There are many laws and regulations on the books governing predatory lending that impose “substantial civil penalties” on lenders who violate them, the MBA maintains. The penalties tend to be proportionate to the harm caused. If mortgage fraud is defined too broadly, “some actions may be subject to penalties that are disproportionate to any harm caused and far more severe than ever intended.”

A bill sponsored by Sen. Barack Obama — SB 1222, the “STOP FRAUD Act” — would impose a fine of up to $5 million and imprisonment of up to 35 years for mortgage fraud. But in interpreting the bill’s language, courts might define “a broad range of activities that are not fraudulent” as mortgage fraud — such as a lender’s recommendation on a mortgage that a borrower later decides is not in his or her best interest, the MBA said.

Several other of the bill’s provisions “have little, if anything, to do with mortgage fraud as that term is understood by law enforcement officials and the mortgage industry,” the MBA claims. Provisions the industry association found troublesome include heightened foreclosure requirements on some subprime loans and the creation of assignee liability in cases of “deceptive practices,” a term the MBA views as “vague and undefined.”

Assignee liability gives borrowers who claim they were taking advantage of the ability to sue not only loan originators but investors who buy their loan in the secondary market.
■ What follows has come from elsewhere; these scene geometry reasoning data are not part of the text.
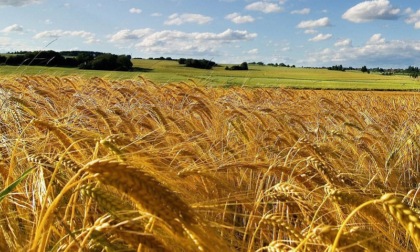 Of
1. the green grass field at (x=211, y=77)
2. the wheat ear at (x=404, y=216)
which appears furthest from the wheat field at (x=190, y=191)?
the green grass field at (x=211, y=77)

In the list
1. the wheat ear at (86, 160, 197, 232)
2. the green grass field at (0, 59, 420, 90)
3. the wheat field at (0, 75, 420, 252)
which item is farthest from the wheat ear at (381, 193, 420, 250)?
the green grass field at (0, 59, 420, 90)

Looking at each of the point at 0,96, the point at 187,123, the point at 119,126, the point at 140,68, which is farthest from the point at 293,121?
the point at 140,68

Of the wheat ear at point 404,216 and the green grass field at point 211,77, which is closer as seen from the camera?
the wheat ear at point 404,216

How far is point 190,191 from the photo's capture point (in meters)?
1.74

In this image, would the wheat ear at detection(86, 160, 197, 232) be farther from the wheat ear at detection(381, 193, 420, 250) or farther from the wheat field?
the wheat ear at detection(381, 193, 420, 250)

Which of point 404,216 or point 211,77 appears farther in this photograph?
point 211,77

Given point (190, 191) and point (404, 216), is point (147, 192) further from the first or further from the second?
point (190, 191)

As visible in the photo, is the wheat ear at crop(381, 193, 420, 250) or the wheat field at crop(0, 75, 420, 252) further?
the wheat field at crop(0, 75, 420, 252)

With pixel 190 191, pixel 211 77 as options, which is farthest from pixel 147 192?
pixel 211 77

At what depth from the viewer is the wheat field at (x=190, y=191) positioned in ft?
2.73

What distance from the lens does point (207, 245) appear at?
86 centimetres

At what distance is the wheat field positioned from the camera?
0.83 meters

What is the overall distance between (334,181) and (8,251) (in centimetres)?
103

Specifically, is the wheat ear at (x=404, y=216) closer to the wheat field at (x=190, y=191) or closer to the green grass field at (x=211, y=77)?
the wheat field at (x=190, y=191) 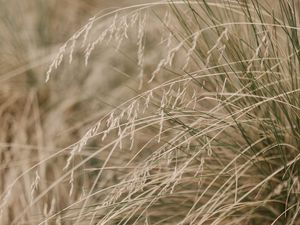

While some lawmakers and consumer groups say assignee liability would reduce the incentive for originators to make predatory loans, critics say it would scare investors away from mortgage-backed securities and raise the cost of borrowing.

SB 1222 would also require lenders to provide counseling services to borrowers about activities or practices that are likely to increase the risk of foreclosure.

“Whether one believes such provisions have merit as a matter of public policy, they are not directly related to mortgage fraud,” the MBA said, but “clearly are intended to address concerns related to ‘predatory’ lending.”

Existing mail and wire fraud statutes are “applicable to any and all instances of mortgage fraud,” the MBA maintains, and allow courts to impose large fines and long prison sentences on mortgage fraud perpetrators.

The MBA said it supports some of the ideas put forward in Obama’s bill, including the creation of a database of debarred or censured mortgage professionals and increased funding for monitoring and law enforcement.

“Rather than drafting new legislation, the focus should be on providing the structure and resources needed by law enforcement officials to combat mortgage fraud,” the MBA paper concluded. “While law enforcement has all the legal tools it needs at its disposal, it requires more resources and a more efficient framework to use those tools effectively.”

Earlier this year, the MBA asked Congress to set aside $31.25 million over a five-year period to hire more FBI investigators and prosecutors.

In addition to advocating more funding for mortgage fraud prevention and prosecution efforts, the MBA wants to see an office dedicated to mortgage fraud created within the Department of Justice.

Staffed with prosecutors and investigators with experience in mortgage fraud, a federal Office of Mortgage Fraud Enforcement could coordinate with state attorneys general and prosecutors to detect and prosecute crimes against lenders. The MBA also envisions an intergovernmental database, with lenders contributing information that would prevent “serial offenders” from employing the same scheme in different communities.